Je retiendrai deux livres :
- Belgia : Editura sport-turism Bucuesti 1977 préface de Ioan Grigorescu. Bien au-delà d’un simple livre de voyages où ressort l’architecture sous un ciel si bas comme l’a bien chanté Jacques Brel, une rencontre avec les gens dans leurs occupations journalières. Un bon travail très bien imprimé.
- Copii, copii : enfants Editura Meridiane Bucuresti 1968 textes de Mircea Sintimbreabu.Un charmant petit livre format carré 22/22 cm. La candeur et l’insouciance de l’enfant non préoccupé de la présence de l’appareil photo. Je pense à Photographing Children de W Suschitzky.
3) Sandu Mendrea
Né en 1930, il deviendra photographe, renonçant à son travail de directeur de films documentaires devenus films de propagandes dès 1956.
Il quittera la Roumanie, en 1986 pour Israël, devant les difficultés du pays sous l’emprise du système.
Il travaillera comme tous les autres pour des raisons alimentaires dans l’édition de cartes postales touristiques
Excellence EFIAP en 1965 et plus de 200 prix nationaux et internationaux.
New-York : Editura Sport-turism 1976
Un livre à avoir dans sa bibliothèque entre William Klein et louis Stettnert !
4) Dan Er.Grigoresu (1917-1990)
Photographe à plusieurs facettes.
Il photographiera les œuvres de Brancusi ou des peintres roumains internationaux classiques ou contemporains pour des livres d’art (Ciucurencu, Braque, Kandinsky, Calder, Blake, Chagall etc.).
Lors de la biennale de Venise de 1982, une de ses photos, tirée en grand, célébrera La porte du baiser, œuvre monumentale de Brancusi de la ville de Targu-jiu.

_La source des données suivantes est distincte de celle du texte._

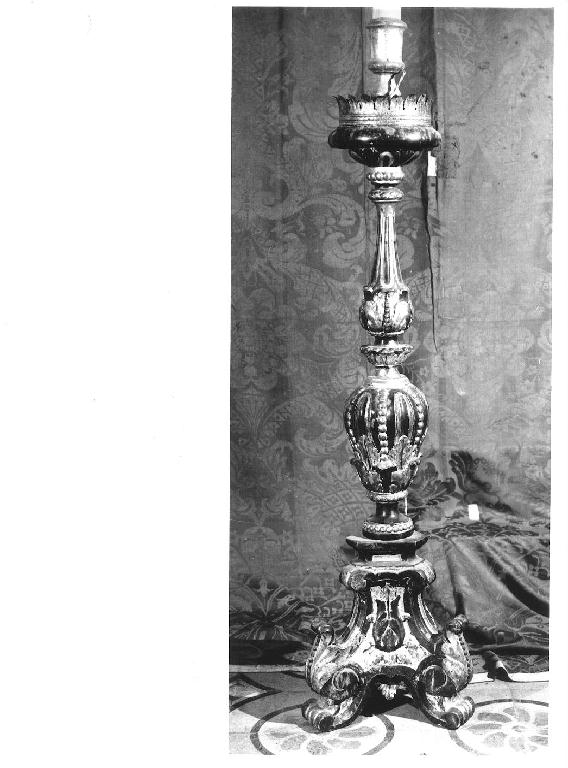 candeliere d'altare, serie di Perfetti Luigi (fine sec. XVIII)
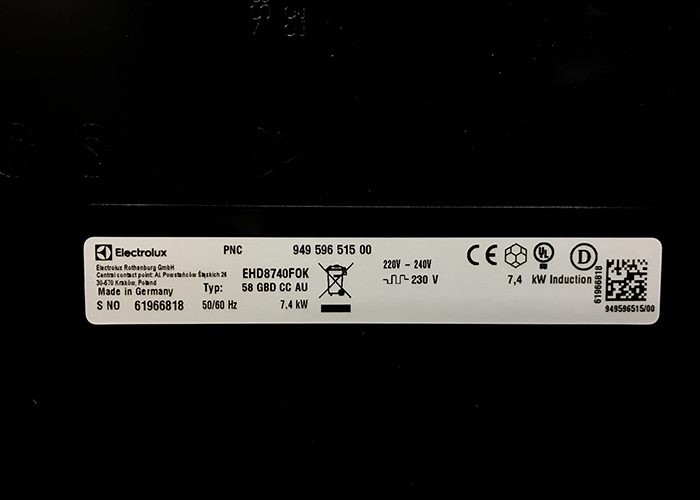 Bếp từ Electrolux EHD8740FOK - Hàng chính hãng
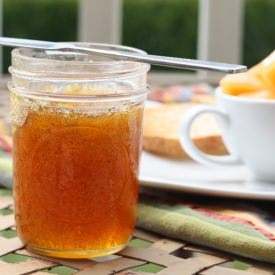 Cantaloupe Jam with Vanilla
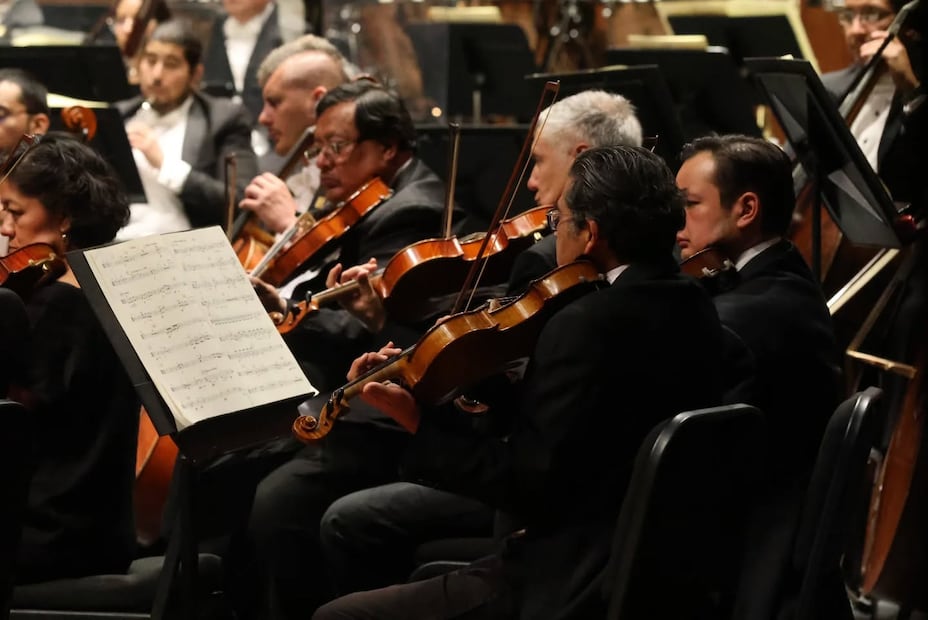 La Orquesta Sinfónica Nacional OSN México, dirigida por la canadiense Tania Miller./ Crédito: Palacio de Bellas Artes.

Il décédera 2 mois, après les événements politiques de Roumanie de 1989, à Paris qu’il aura photographié magistralement.
En 1972, l’essayiste italien Giancarlo Vigorelli comparera l’oeuvre de Dan Er.Grigorescu à celles de Bishof, HCB, Avedon etc.
- Paris : Editura Meridiane 1970 : texte de l’académicien Dan Haulica, délégué permanent de la Roumanie auprès de l’Unesco. Le livre m’est dédicacé par son ami Dan Haulica : Retour sur une expérience qui me reste chère sous le signe des perspectives visuelles et sentimentales réunissant des recherches en résonance. Sibiu 9/10/2003
De la photographie humaniste tels Doisneau, Brassai, Ronis, etc. faite avec du temps au temps, à pied et pendant toutes les saisons, l’appareil en bandoulière.
Ces quelques photographes choisis subjectivement à partir de ballades visuelles entre des livres d’occasions, des cartes postales abandonnés, des souvenirs rapportés dans la presse populaire et quelques études méconnues par des amateurs ou des universitaires ne peuvent cacher ce patrimoine photographique réalisé dans une époque politique parfois troublée.
J’engagerai des français soucieux d’aider à mettre en valeur ce patrimoine européen, qu’il soit contemporain ou historique à trouver des moyens de collaboration culturelle entre les deux pays dans ce domaine, car pour beaucoup encore, la France est la patrie de la PHOTOGRAPHIE ….et pas seulement.